Hacker News new | ask | show | jobs
by ComputerGuru 2307 days ago
Honestly they’re being super mathematical about it but it’s really nothing fancy at all. SHA is designed to be used like this, CloudFlare hasn’t done anything remotely ingenious (and I wouldn’t mind except they go out of their way to talk about how much better their fancy new algorithm is compared to other multi-set intersection theories).

E.g. 512-bit SHA-2 and SHA-3 may be truncated at 128 or 256 bits if that’s all the entropy you need (and you don’t need to be compatible with the formal SHA2/SHA3-512/256 spec). Here, CloudFlare is truncating to an intentionally low entropy of just 20 bits, not to reduce the security but rather to intentionally increase the collisions. It’s ultimately just a glorified hash table and as any CS student can tell you, the bucket size is just a function of the hash size (v1 of the api: 128-bit hash, v2 of the api: 20-bit hash).

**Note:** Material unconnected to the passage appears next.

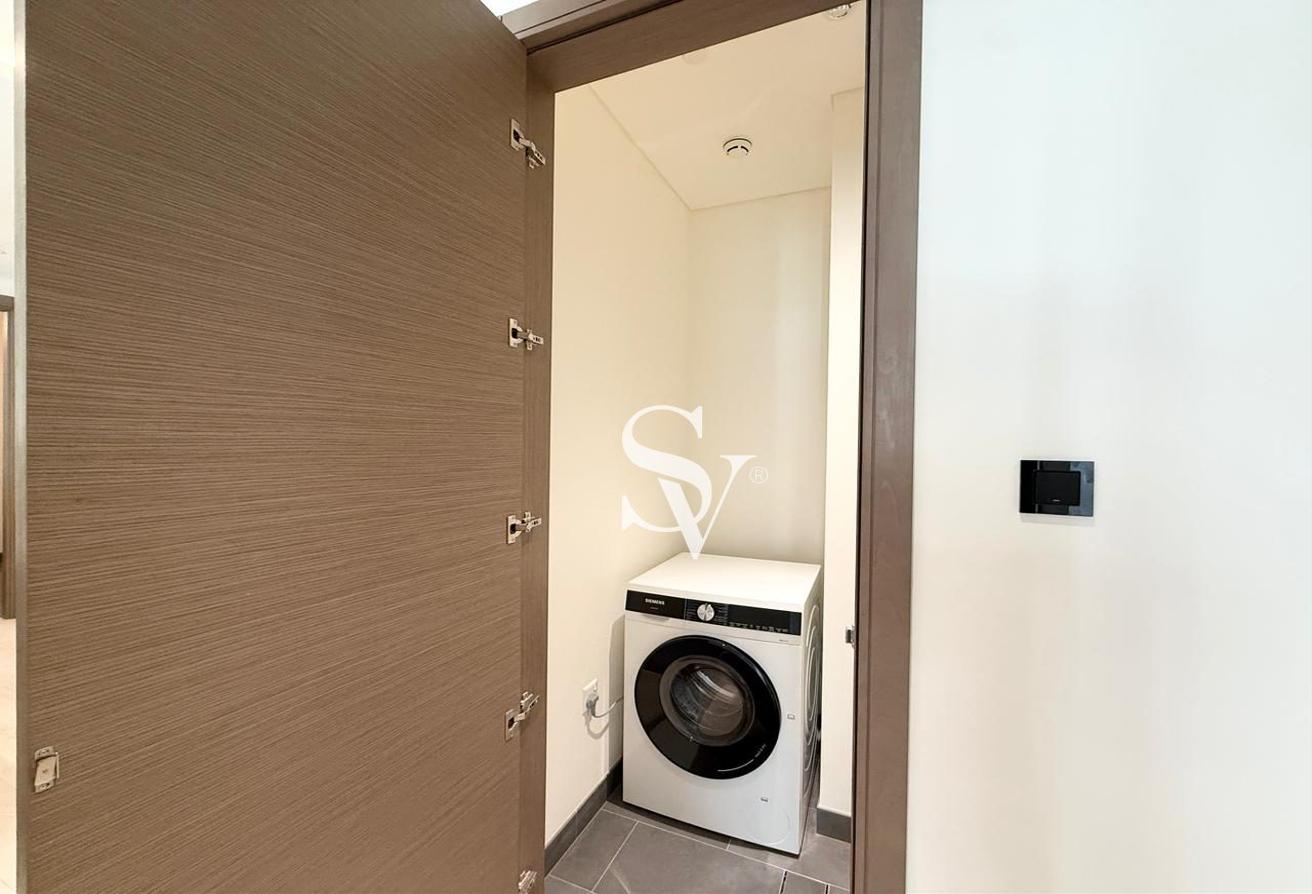 Spacious 2-Bedroom + Maid’s Room | Prime Location photo 9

(I don’t like pretension.)

2 comments

It still is pretty clever and non trivial to come up with.

I bet most people who haven't thought about it beforehand or heard the solution, would fail an interview question as "So, we have a database of 100s Million passwords and we want the user to check if his password is inside; without the user actually sending his password.. or his hash; without us outright revealing all our passwords/hashes to the user."

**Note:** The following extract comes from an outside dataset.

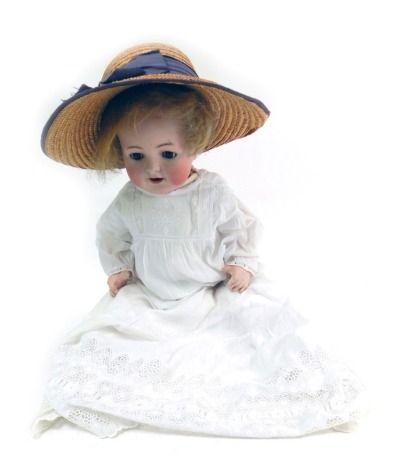 A Simon & Halbeg German porcelain bisque headed doll, with brown roll eyes and teeth, blonde hair with articulated limbs, in evening gown, stamped KV Germany 126, 47cm high.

Their solution is a pretty good tradeoff imho.

This is pretty much the case for probabilistic membership functions. It's kind of a broken bloom filter where you take only the front few bits without hashing. I wouldn't expect someone to come up with that under the interview stress, but if you know a few basic algorithms, this should be pretty simple/familiar.

It's also similar to how we spread mail folders in the past to avoid large directories. Or how Debian splits repo by package prefix: http://ftp.us.debian.org/debian/pool/main/

Exactly and good examples. I believe the general concept is just sharding, for anyone that wants to google it further. Typically naive sharding on the first few bytes is useless because it results in uneven distributions but (and this is what I mean when I said SHA was designed for this) a cryptographic hash should result in a uniform random-appearing distribution across all its bits, meaning the resulting hash is uniquely suitable for basic sharding by prefix.

But then they wouldn’t have been able to give it a fancy name if they called it what it is.

For someone who claims to not like pretension (sic), you're being pretty pretentious.
After seeing this I reread the post you're replying to. I don't see the pretention.

Pretentious: adjective. characterized by assumption of dignity or importance, especially when exaggerated or undeserved: a pretentious, self-important waiter. making an exaggerated outward show; ostentatious. full of pretense or pretension; having no factual basis; false.

If you're suggesting that their analysis is false, you should probably point out why. The self importance part I'm not seeing. Aren't they just stating the facts as they see them?

The "really clever design" as noted by simonw was called "nothing fancy at all" by ComputerGuru, and that haveibeenpwned's API design "hasn’t done anything remotely ingenious", this is what made the comment pretentious. (in this case it doesn't matter wether he is or not factually correct)

The reply could very well be interpreted as "You think that Kk-Anonymity is fancy? How primitive of you. This way is the natural way of doing that thing and I would know because I'm the smartest person in the room. Oh by the way I dislike people who are pretentious."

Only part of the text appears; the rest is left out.